Issa Tchiroma Bakary qui a convié le 9 avril 2014, les patrons de presse et autres leaders syndicaux à une réunion préparatoire de la célébration de la 21e journée internationale de la liberté de la presse a indiqué que c’est la dernière fois que le gouvernement régente les activités de cette commémoration.
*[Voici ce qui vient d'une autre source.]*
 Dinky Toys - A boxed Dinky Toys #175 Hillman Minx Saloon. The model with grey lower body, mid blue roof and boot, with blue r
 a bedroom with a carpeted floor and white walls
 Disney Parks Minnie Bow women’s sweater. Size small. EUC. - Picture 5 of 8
Le ministre de la Communication ne s’est pas lassé de le répéter : « il ne s’agit pas d’ingérence ou d’immixtion dans les activités professionnelles des hommes et femmes de médias, mais juste d’accompagnement ». Si Issa Tchiroma sert invariablement cette rengaine à la centaine de ses convives ayant rallié la salle de conférence du bâtiment B du ministère de la Communication, c’est qu’il se trouve qu’il y en a parmi les professionnels de la plume et du micro qui ne cachent pas ou qui cachent très mal du moins, le fait qu’à l’occasion de cette rencontre, le ministre signale d’un ton quasi impérial que la journée internationale de la liberté de la presse se célèbrera au Cameroun sous le thème : « vers de nouveaux objectifs : soutien de l’agenda post 2015 pour le développement », or l’Unesco qui a institué de cette commémoration a choisi le thème, « vers de nouveaux objectifs : des médias libres, facteurs de bonne gouvernance, d’autonomisation et d’éradication de la pauvreté ». Quel est le problème ? Le gouvernement voudrait s’accaparer la « fête » ? Arguent les journalistes. « Non, il s’agit de la dernière édition où le gouvernement prend une part active dans l’organisation. Dès 2015, ce sont les organisations socioprofessionnelles qui régenteront les activités de la journée internationale de la liberté de la presse », apprend Tchriroma en guise de riposte.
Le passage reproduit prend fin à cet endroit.